[Start of section]

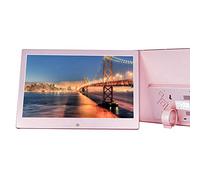Cornice per foto digitale, album elettronico in metallo da 12 pollici - 1280 x 800 LED ad alta risoluzione per immagini/musica/lettore video multimediale con telecomando, supporto regalo USB e s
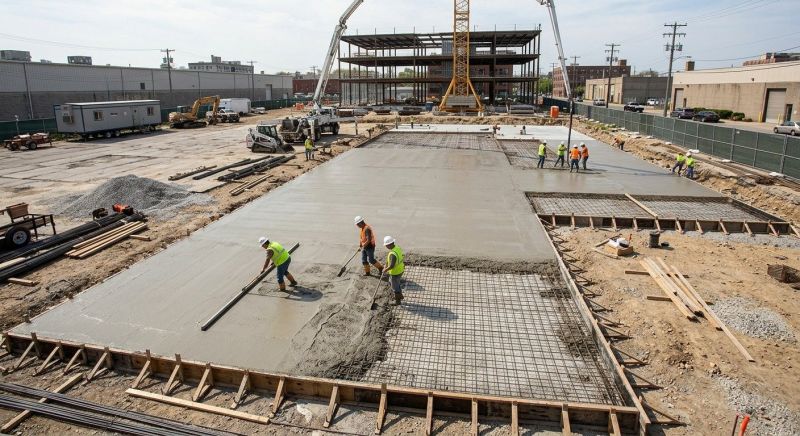 Commercial Slab Construction in Morgan Hill, CA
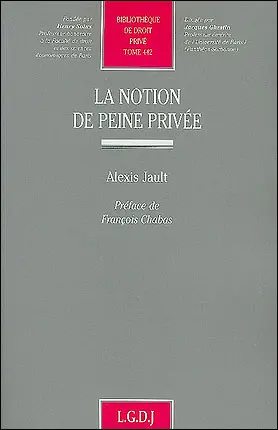 La notion de peine privée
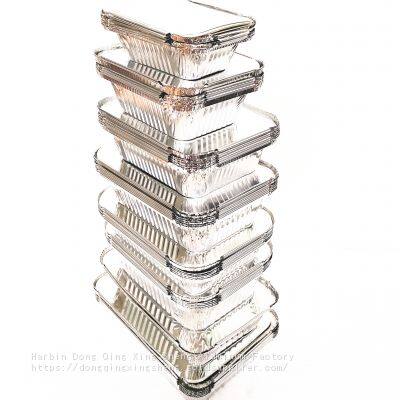 Aluminum Container Foil Packaging Boxes Meal Box Disposable Food Packaging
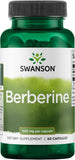 Swanson Berberina HCl cápsulas de 400 mg para apoyo cardiovascular.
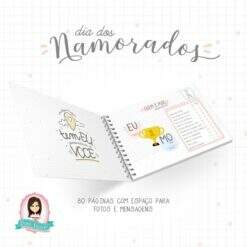 Alternative view of Livro Nossa História Dia dos Namorados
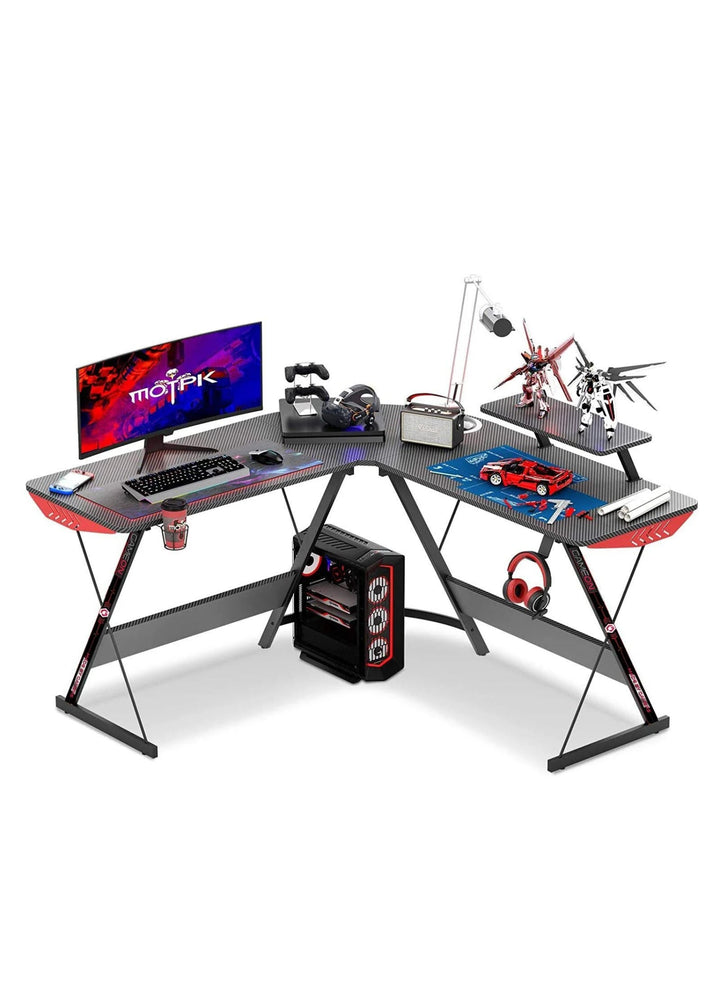 Escritorio Gamer en L Esquinero para Computadora Estudio Oficina - Tecneu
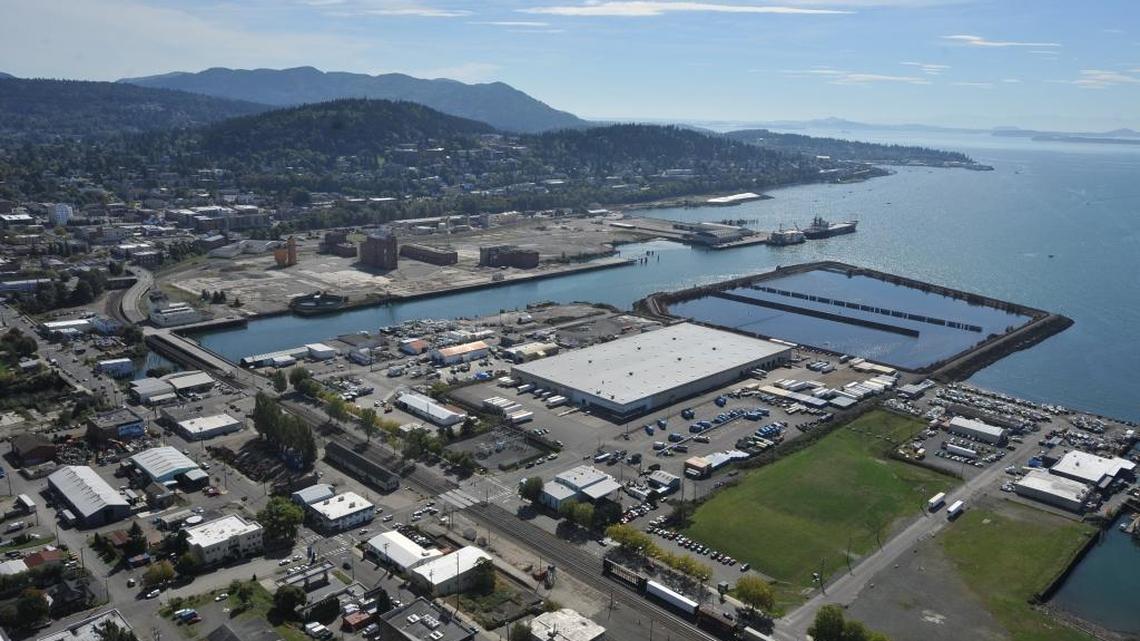 The Central Waterfront is shown on Sept. 19, 2013. The new All American Marine building will go on the property near the bottom right corner.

[End of section]

INSTRUCTIONS FOR THE TASK: Leaving out all pictures, print exactly the lines above from the one containing "Swanson Berberina HCl" through the last line of the entries.

EXERCISE OUTPUT:
 Swanson Berberina HCl cápsulas de 400 mg para apoyo cardiovascular.
 Alternative view of Livro Nossa História Dia dos Namorados
 Escritorio Gamer en L Esquinero para Computadora Estudio Oficina - Tecneu
 The Central Waterfront is shown on Sept. 19, 2013. The new All American Marine building will go on the property near the bottom right corner.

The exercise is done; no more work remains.